Friday, July 21, 2017

review: Joshua

simply not good

I'll deal with this book from two perspective, the story and the theology

Judging from how much the author uses the word in positive ways, one might be safe to assume that one of his favorite words is “simple”, and in keeping with that, this story is by and large a very simple story. If the author had kept the story on the same small scale he started it with, this simple approach may have worked, but he doesn't, things keep getting on a larger and larger scale as the story goes on, but this simple approach begins to sink into simplistic because of it.

For example, the owner of a TV station, after listening to Joshua speak for a few minutes, decides, seemingly at the drop of a hat, to have a TV crew interview Joshua, pp 112-114, an interview that ends taking up about an hour of TV time, pp 138-140. This stretches belief to the breaking point. Then, towards the end, the controversy surrounding this small-town guy somehow becomes so bad that he's summoned to Vatican City to answer for his controversies, and at this point belief completely snaps and tumbles into something more fantasy-like than anything Tolkien wrote.

Another way the simplistic approach to this story shows itself is in how the other characters respond to Joshua, especially the positive responses. It's understandable that the words and actions of the main protagonist in a novel will to a large degree reflect the views of the author, that's not a problem; but when the other characters constantly keep going on about how deep and profound this protagonist's most silly and shallow statements are, how beautiful all his ideas are,and all other such examples of overblown hyperbole, one gets the impression one isn't reading a story intended to be a fair presentation of ideas, and I can't even call this book something like propaganda, but it comes off as if one is reading what the author might think having a fan club would be like, as he surrounds himself, through his protagonists, with people who will accept everything he says without any real criticism or even serious questioning, and who will constantly shower even his most mundane and trite utterances with unconditional praise.

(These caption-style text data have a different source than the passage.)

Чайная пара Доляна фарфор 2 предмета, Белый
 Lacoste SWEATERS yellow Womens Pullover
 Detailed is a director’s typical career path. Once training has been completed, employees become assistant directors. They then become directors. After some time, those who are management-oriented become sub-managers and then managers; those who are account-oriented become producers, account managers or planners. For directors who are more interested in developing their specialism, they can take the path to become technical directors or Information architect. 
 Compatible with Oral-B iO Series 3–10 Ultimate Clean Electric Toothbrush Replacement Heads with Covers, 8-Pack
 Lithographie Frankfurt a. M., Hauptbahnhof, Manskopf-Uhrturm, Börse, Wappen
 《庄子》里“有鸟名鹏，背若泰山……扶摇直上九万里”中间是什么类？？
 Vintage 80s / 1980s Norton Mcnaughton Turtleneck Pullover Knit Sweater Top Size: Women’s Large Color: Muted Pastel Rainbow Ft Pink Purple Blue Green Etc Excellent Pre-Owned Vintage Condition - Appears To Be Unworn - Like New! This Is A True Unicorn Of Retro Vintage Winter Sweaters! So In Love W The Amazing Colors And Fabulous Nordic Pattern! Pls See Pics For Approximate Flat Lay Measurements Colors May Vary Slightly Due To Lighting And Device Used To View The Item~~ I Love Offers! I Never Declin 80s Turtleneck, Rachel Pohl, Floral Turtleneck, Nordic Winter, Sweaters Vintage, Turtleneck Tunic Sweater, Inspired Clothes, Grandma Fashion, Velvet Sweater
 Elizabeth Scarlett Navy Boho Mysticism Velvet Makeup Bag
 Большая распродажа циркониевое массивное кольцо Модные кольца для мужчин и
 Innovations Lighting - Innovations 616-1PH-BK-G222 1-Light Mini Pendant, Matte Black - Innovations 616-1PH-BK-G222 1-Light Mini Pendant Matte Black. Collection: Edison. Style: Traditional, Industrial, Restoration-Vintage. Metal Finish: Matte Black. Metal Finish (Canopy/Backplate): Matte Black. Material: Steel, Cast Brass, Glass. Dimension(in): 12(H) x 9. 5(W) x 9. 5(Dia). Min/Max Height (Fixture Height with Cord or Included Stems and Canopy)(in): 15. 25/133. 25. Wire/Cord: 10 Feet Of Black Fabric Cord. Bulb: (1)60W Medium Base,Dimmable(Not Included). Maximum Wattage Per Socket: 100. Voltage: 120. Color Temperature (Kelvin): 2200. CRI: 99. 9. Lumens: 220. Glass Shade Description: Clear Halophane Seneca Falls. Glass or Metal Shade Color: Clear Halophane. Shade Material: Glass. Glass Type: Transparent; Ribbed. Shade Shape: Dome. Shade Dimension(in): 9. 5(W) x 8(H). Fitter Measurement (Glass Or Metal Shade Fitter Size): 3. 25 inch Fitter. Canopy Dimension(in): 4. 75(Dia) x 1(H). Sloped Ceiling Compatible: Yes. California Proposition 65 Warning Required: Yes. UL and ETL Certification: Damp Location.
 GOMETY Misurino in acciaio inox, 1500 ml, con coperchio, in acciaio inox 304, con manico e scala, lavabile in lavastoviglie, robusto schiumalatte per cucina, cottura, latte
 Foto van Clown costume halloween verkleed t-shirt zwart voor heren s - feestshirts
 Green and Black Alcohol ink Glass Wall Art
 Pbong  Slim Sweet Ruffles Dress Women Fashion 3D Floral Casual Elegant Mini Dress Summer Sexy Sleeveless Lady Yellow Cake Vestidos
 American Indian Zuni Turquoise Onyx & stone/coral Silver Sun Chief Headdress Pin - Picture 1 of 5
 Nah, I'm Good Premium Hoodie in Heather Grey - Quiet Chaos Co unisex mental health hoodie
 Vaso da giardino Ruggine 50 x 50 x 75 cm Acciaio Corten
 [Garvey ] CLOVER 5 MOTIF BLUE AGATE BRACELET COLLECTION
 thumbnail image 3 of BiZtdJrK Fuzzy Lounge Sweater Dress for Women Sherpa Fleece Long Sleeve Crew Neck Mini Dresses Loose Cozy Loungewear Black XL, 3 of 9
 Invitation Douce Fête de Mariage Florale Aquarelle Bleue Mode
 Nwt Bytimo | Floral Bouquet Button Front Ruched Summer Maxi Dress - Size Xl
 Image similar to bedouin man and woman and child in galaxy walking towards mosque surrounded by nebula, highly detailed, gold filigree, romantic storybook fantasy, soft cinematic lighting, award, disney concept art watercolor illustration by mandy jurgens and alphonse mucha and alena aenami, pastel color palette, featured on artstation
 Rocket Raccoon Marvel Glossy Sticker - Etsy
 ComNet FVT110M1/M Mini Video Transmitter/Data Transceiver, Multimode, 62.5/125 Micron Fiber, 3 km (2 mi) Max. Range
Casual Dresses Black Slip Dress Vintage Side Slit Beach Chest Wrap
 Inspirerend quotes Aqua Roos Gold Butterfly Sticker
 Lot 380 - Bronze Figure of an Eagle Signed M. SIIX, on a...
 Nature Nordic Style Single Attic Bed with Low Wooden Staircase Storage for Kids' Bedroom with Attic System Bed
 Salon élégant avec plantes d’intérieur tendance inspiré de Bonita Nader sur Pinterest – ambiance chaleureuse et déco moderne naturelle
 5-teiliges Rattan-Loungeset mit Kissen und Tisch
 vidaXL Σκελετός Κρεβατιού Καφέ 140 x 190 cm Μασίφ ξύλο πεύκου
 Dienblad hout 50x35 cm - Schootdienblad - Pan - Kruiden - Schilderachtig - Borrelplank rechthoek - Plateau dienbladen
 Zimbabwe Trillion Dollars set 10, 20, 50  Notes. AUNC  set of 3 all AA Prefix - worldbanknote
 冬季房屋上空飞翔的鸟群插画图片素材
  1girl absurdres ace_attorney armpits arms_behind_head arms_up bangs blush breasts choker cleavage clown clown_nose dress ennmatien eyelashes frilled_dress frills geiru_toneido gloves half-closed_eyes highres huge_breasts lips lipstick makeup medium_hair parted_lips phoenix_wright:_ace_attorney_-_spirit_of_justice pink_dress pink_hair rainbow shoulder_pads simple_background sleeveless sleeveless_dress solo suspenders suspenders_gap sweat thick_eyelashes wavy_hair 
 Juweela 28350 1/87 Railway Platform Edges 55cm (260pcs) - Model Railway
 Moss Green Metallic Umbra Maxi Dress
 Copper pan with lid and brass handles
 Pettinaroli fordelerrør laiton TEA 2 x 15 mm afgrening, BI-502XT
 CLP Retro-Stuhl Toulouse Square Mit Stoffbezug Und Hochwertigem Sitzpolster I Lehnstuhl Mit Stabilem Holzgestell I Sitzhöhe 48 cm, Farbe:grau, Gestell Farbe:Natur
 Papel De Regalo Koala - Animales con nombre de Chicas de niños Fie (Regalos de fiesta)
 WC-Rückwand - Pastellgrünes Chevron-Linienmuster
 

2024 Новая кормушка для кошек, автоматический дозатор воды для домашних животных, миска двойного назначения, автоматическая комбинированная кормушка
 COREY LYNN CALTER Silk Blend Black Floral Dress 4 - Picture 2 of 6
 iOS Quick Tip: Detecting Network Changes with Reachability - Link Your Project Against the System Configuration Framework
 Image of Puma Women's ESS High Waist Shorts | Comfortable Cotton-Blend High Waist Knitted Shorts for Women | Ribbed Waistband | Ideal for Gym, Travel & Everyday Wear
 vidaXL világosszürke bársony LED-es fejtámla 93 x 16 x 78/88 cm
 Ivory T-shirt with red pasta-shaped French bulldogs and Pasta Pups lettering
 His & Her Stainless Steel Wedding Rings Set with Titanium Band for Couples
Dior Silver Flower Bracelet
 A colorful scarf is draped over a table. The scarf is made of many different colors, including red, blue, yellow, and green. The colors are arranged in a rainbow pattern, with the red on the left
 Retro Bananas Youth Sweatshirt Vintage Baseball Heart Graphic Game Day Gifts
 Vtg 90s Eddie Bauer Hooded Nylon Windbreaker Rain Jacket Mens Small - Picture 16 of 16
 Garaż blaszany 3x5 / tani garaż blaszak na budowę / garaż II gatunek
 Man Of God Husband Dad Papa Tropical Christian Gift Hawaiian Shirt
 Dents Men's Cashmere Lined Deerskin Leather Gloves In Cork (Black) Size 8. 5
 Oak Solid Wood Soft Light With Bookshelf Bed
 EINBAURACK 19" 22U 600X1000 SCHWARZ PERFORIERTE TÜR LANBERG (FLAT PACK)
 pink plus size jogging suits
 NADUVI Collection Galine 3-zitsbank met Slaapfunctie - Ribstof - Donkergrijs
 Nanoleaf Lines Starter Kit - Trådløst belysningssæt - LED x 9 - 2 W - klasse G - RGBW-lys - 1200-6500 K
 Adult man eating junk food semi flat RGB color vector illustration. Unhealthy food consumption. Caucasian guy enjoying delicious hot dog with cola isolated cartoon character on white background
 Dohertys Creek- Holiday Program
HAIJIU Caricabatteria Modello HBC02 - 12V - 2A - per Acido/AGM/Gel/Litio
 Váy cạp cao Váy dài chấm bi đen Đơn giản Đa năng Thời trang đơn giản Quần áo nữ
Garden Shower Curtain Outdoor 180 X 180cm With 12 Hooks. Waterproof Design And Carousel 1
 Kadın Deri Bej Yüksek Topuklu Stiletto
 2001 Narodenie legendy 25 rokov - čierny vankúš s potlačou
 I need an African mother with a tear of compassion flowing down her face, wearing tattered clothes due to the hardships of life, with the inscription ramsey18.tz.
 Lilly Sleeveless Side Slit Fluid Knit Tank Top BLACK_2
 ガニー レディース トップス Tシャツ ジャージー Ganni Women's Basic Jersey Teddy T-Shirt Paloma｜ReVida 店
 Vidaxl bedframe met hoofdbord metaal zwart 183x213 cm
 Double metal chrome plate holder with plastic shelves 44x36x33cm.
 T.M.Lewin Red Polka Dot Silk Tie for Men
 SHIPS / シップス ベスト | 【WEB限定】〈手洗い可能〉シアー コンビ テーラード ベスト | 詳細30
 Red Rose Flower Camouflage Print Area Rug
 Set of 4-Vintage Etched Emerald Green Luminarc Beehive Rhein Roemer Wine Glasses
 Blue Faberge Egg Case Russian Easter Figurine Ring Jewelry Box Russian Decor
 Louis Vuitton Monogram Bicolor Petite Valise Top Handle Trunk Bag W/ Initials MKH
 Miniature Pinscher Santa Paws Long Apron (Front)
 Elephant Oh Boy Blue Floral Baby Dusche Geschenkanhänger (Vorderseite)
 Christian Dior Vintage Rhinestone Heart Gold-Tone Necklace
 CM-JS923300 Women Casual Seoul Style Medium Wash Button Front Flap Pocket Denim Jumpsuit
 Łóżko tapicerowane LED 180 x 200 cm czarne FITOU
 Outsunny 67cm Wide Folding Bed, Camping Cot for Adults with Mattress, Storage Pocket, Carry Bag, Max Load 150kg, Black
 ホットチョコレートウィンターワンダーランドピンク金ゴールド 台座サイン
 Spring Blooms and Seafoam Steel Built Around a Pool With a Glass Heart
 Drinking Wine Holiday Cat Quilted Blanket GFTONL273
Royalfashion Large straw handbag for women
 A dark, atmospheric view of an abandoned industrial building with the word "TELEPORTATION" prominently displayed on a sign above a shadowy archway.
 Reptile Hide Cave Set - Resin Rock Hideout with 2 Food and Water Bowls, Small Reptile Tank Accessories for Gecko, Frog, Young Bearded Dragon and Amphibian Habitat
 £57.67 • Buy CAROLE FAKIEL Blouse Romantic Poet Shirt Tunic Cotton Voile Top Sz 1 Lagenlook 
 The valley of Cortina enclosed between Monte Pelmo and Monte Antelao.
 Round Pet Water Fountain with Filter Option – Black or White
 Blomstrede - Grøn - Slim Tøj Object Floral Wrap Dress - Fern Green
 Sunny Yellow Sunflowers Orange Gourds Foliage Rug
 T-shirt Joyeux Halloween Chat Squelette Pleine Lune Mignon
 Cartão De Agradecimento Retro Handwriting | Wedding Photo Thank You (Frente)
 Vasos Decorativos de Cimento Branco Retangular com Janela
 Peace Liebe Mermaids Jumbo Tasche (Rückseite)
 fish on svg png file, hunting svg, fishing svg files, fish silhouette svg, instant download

Judging from how much the author uses these words in negative ways, one might be safe to assume that among his least favorites words are “doctrine” and “theology”, with “authority” and “conservative” not far behind.

As the reader soon learns in the story, Joshua is the personification of the author's idea of how Jesus would be if he returned to earth in the modern day; thus, the teachings of Joshua are meant to represent the teachings of Jesus in the New Testament.

The problem is, the teachings of Joshua have little in common with the teachings of Jesus.

For example, there is this statement, from p 73 and taken from a much longer statement, “Jesus came to teach people that they are God's children and, as God's children, they are free, free to grow as human being, to become beautiful people as God intended”. Now, just right off, I can think of a time when Jesus said to some people that “You are of your father, the devil”, John 8:44; in Ephesians 2, Paul writes about a time when the believers in Ephesus used to be “children of wrath, like the rest of mankind”; I John 3:10 offers a contrast between those who are children of God and children of the devil.

And what does the Bible say about why Jesus came? Luke 19:10 records Jesus' statement, in the context of conversing with the tax collector Zacchaeus, that “The Son of Man has come to seek and save the lost”; Matthew 20:28 and Matthew 10:45 record Jesus saying that He, the Son of Man, has come “to give his life as a ransom for many”, that Jesus came to die as a sacrifice for sins, so that we can be forgiven by grace through faith.

This is only one example of how far off this author's Joshua is from Jesus, but it is a strong one. It shows that this author, through his title character, is preaching a false gospel, and practicing great deception by pretending to preach this false gospel through his reimagining of Jesus.

I have a hard time seeing how this work has become some kind of Christian classic, much less why any Christian studio would make a movie based on this book. There is no real Christian content to this book, merely a thin film of Christian-like ideas covering over some completely foul teachings. This book is fit only to be avoided.